Good to see that you got on them out there! At least I'm not the only one that cannot buy a bite out there on a spinnerbait. I used to be a finesse fisherman until I devoted the second half of my summer last year to learning the spinnerbait. Now, I'm having to relearn all the finesse techniques I used to be so good at. Learning the Jig 'n' Pig is next on the list!

I'm going to be on Salt Fork for a week in September... maybe we should try to get out.


----------



## JignPig Guide (Aug 3, 2007)

Yea OSU_Fisherman,
The bite should really turn on again in September. Maybe it will make up for the piss poor Spring fishing weather we had.
You said the JignPig is next on your list to learn. I would learn (and start throwing) the JignPig presentation as quickly as you can. It's not always the best thing to be throwing in all areas. But if you're fishing water with quality bass fish weighing over 5-pounds... Pitch it in the: brush, trees, stumps, laydowns, weeds, drop-offs, and wherever there is some good cover or a structure change.
I may be working quite-a-bit in September. But send me a heads up before you head out and maybe we'll *FISH!*


----------



## OSU_Fisherman (Mar 1, 2007)

I am extremely excited about spending a week on Salt Fork. I will definitely look you up when I'm planning on getting out.

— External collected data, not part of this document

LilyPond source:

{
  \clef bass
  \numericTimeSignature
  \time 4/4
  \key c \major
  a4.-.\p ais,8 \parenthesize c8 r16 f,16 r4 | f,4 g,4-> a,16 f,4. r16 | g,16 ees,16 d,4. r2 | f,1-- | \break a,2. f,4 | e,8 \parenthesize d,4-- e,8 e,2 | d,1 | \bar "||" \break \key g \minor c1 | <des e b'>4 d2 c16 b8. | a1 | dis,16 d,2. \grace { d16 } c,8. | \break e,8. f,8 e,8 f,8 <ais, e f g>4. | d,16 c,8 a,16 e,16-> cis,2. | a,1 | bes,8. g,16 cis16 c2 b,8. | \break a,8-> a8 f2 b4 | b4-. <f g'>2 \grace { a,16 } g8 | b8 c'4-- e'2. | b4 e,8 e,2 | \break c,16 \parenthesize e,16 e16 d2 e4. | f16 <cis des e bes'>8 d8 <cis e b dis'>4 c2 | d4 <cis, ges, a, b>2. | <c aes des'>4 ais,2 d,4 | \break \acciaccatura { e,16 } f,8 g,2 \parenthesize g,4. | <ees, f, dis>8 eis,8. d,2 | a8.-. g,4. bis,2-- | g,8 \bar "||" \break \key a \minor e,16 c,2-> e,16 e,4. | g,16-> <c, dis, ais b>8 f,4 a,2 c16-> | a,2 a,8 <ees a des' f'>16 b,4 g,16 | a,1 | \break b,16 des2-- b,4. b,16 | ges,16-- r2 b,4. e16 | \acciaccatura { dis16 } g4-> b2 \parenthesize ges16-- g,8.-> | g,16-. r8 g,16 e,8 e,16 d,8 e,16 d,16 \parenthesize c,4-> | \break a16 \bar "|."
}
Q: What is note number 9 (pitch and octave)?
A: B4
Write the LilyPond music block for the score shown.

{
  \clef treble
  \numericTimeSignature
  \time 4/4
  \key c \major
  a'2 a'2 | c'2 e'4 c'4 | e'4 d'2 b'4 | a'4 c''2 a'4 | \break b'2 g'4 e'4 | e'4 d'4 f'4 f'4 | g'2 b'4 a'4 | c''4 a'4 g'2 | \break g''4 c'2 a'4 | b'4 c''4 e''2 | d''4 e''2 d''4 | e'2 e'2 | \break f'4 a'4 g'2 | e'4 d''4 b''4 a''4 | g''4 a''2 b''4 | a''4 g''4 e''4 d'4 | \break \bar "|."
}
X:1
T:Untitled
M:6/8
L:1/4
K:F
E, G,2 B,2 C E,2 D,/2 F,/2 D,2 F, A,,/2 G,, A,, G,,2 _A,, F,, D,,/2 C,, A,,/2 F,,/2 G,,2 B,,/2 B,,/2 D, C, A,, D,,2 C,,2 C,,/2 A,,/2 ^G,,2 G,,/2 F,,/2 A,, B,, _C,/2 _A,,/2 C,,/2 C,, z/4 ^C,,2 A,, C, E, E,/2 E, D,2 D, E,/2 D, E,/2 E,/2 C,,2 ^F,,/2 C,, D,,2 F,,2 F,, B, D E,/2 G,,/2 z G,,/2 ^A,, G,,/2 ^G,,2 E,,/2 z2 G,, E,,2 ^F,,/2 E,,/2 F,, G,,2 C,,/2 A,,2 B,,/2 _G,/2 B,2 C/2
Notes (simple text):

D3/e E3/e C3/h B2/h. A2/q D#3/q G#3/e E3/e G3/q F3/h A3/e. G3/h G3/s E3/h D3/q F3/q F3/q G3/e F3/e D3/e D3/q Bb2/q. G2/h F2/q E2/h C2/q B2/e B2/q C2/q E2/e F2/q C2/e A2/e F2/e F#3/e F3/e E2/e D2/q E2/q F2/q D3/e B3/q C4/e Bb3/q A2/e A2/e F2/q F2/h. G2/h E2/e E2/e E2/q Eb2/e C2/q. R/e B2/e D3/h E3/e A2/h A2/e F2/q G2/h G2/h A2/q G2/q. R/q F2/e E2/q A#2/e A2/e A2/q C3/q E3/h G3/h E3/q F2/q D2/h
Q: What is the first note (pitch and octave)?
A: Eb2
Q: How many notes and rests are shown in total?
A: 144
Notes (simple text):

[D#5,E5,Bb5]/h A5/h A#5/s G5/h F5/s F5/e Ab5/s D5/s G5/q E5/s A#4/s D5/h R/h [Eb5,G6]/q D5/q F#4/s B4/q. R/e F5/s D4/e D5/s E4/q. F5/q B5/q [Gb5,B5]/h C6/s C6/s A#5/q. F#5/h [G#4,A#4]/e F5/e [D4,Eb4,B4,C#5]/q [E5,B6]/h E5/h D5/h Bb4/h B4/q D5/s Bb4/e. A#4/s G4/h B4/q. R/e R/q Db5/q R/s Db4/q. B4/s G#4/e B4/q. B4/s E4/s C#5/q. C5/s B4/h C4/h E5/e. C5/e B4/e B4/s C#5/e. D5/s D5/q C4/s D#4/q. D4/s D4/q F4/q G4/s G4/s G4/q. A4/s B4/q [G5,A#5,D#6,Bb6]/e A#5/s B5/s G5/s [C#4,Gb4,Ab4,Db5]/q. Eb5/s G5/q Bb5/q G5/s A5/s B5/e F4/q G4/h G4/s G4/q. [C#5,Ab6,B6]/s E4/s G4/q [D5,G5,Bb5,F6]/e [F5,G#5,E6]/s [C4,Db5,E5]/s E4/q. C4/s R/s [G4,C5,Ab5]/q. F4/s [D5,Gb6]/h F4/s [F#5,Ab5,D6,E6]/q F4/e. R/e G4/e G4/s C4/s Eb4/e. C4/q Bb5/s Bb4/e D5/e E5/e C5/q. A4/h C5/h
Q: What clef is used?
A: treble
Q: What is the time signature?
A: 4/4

Jig fishing is going to have to wait just a little while longer because I don't have my boat up here with me while I'm on my internship in Toledo. Its back at my parents house for now (Muskingum County). Plus, the lake at my apartment complex (10 acres +) is nearly devoid of cover. From what I can tell, big rocks are sparse at best... haven't found ANY wood yet... barely even any moss... its all sand. Of course, its treated and has a very blue hue to it. But, I can catch half a dozen LM bass in about 30 minutes on a wake bait if the conditions are right.


----------



## Smallmouth Crazy (Apr 4, 2006)

I have been to Salt Fork many many times, you will have a great time, my family and I always enjoy ourselves.


----------



## maxwebb (Jun 24, 2008)

Has anyone had any Musky action lately? Going tomorrow.


----------



## Deerehunter03 (Sep 7, 2006)

wend down to salt fork last week. My dad caught 2 bass 1 white crappie all on inline spinners. and we caught a bunch of small bluegill.


----------